*** Opening Provided information ***
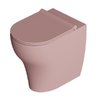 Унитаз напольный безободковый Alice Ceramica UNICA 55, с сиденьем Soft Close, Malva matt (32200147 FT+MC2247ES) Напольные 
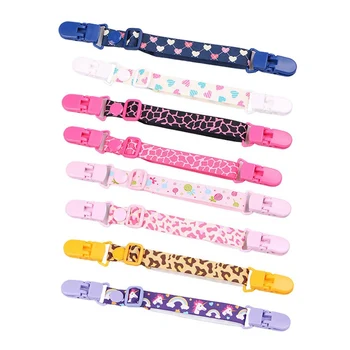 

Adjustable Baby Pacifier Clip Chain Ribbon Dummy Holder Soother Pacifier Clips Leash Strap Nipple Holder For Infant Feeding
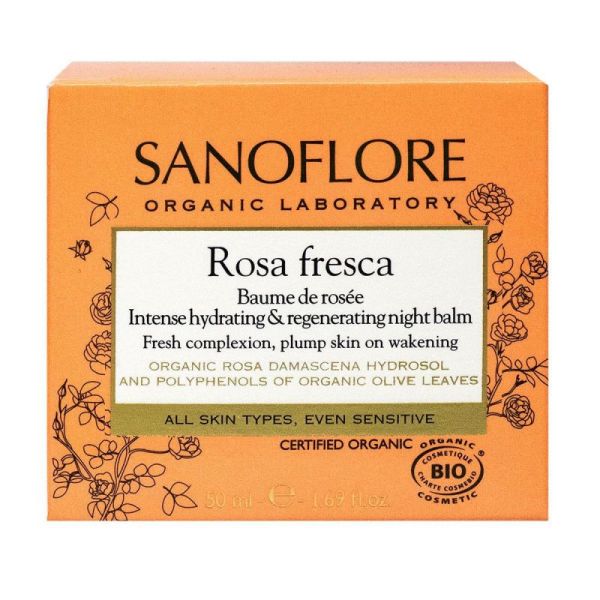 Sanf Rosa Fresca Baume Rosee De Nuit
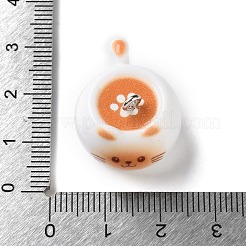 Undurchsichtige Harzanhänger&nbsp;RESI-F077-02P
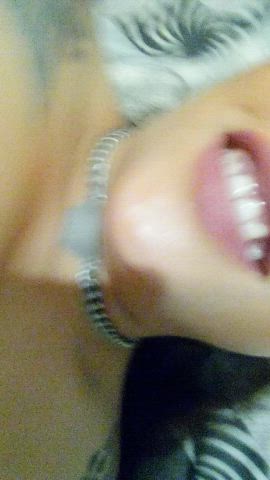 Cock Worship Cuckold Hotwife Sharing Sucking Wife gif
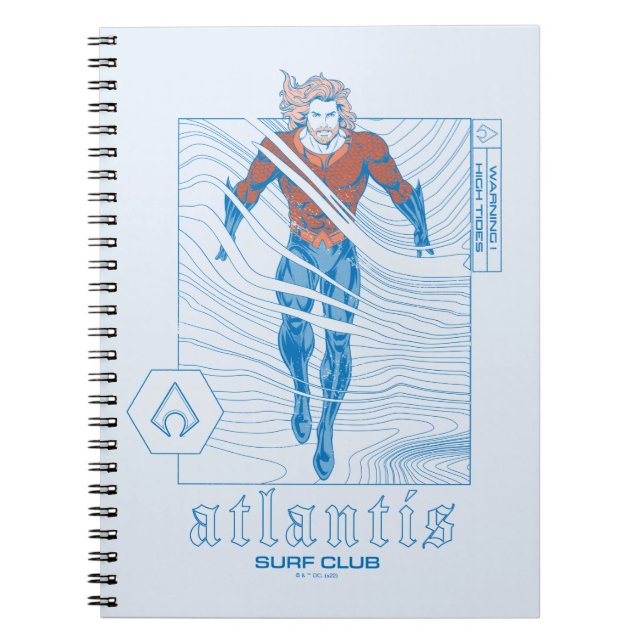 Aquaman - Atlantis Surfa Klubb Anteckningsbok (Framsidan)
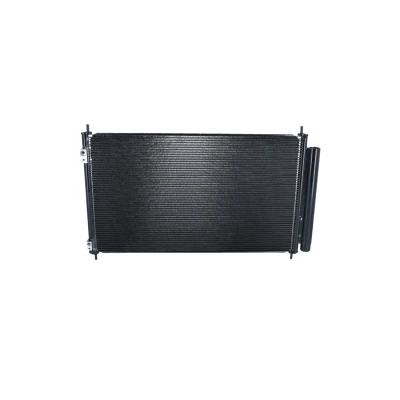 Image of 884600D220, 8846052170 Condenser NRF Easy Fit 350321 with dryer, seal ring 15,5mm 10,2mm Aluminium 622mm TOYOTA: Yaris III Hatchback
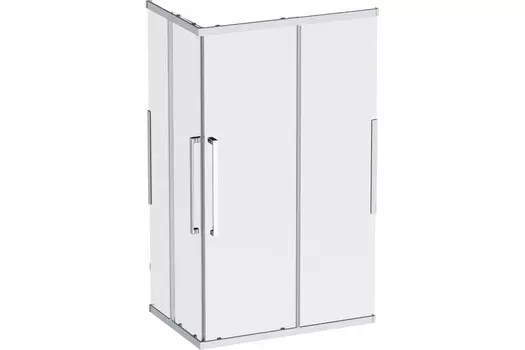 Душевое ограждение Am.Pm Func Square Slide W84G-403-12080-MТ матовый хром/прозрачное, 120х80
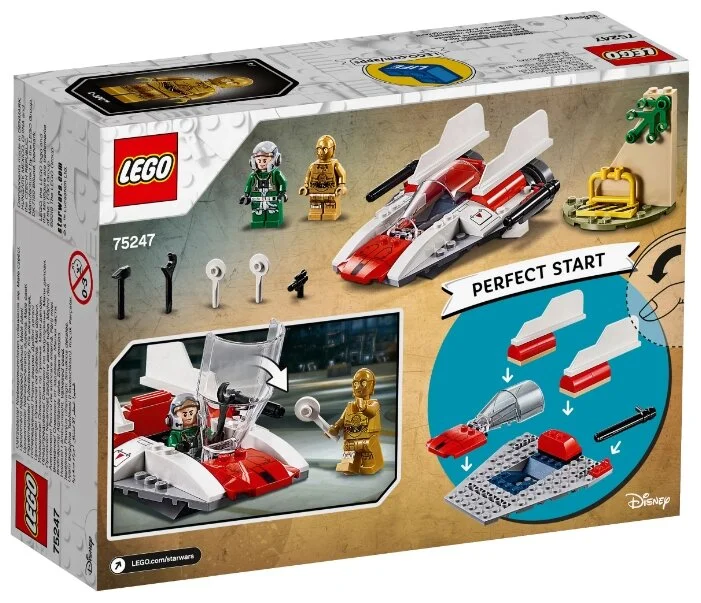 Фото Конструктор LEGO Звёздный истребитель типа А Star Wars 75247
*** Closing Provided information ***
*** Opening Provided information ***
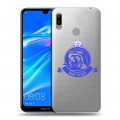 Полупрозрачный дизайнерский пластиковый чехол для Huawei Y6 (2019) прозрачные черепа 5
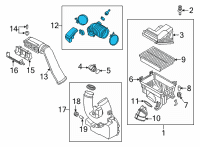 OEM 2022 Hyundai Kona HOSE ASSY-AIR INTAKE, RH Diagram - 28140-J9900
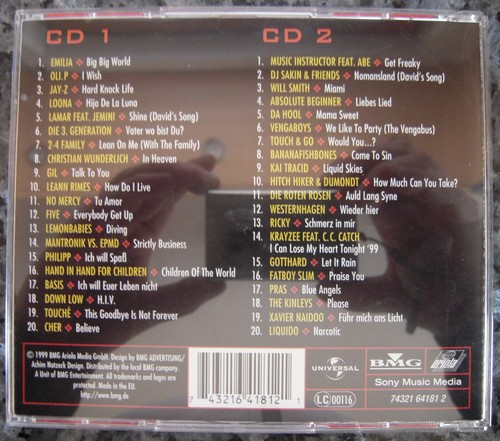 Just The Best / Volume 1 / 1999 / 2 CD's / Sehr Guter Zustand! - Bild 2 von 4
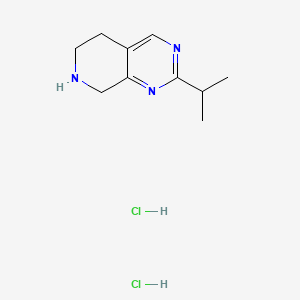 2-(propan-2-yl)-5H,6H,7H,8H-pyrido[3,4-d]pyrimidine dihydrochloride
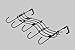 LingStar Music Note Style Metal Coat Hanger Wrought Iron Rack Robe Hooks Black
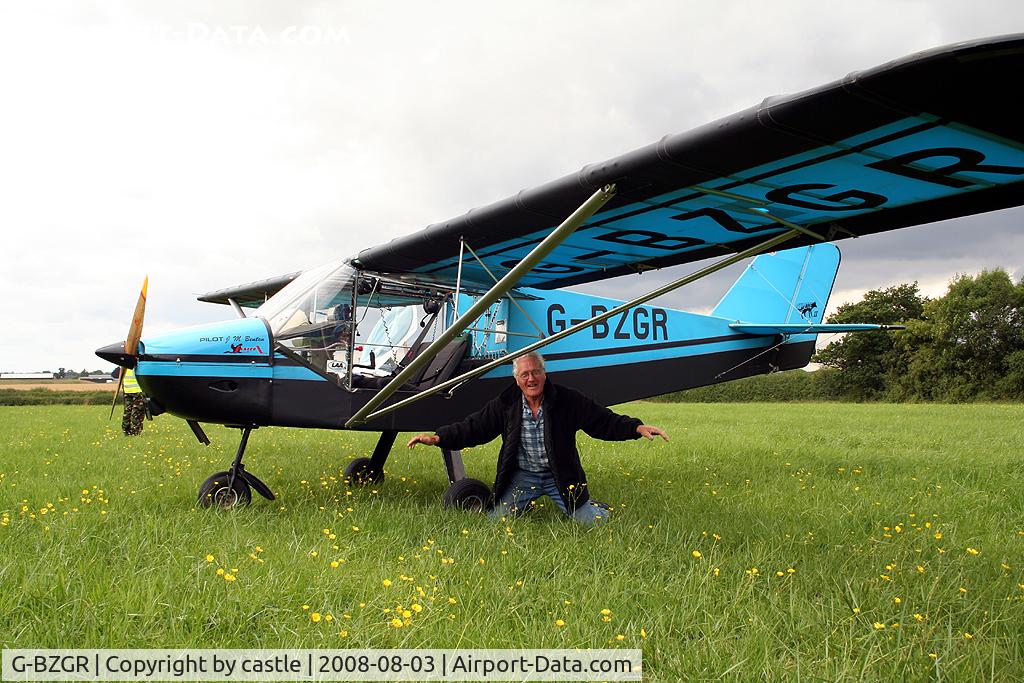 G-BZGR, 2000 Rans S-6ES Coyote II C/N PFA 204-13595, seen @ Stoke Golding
*** Closing Provided information ***
*** Opening Provided information ***
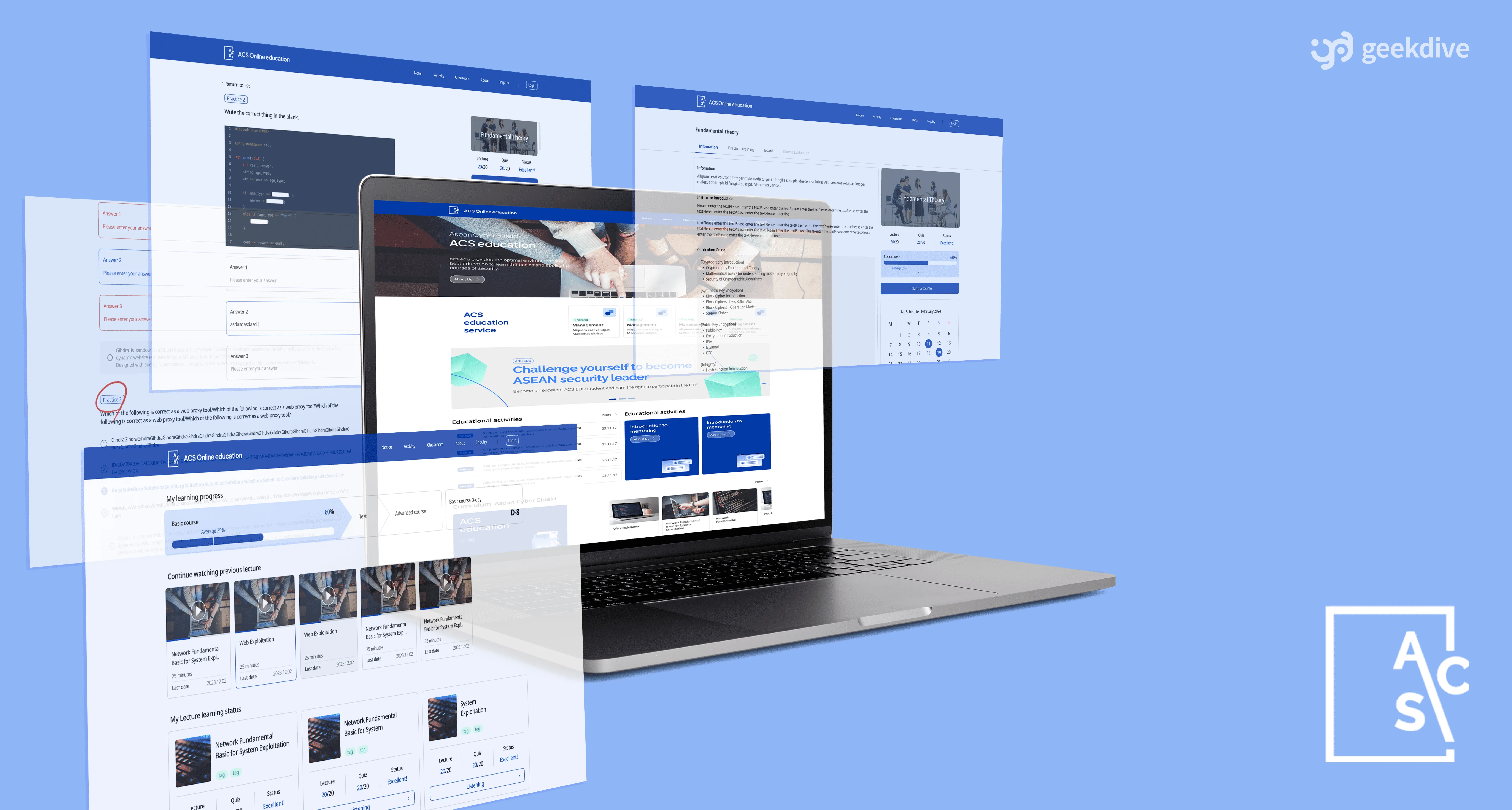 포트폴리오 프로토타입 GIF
*** Closing Provided information ***
What you are asked to do –
In the data above, start at the line holding "Aquaman - Atlantis" and stop after the line holding "Фото Конструктор LEGO"; write out those lines exactly, without pictures.

Solution –
 Aquaman - Atlantis Surfa Klubb Anteckningsbok (Framsidan)
 Image of 884600D220, 8846052170 Condenser NRF Easy Fit 350321 with dryer, seal ring 15,5mm 10,2mm Aluminium 622mm TOYOTA: Yaris III Hatchback
 Душевое ограждение Am.Pm Func Square Slide W84G-403-12080-MТ матовый хром/прозрачное, 120х80
 Фото Конструктор LEGO Звёздный истребитель типа А Star Wars 75247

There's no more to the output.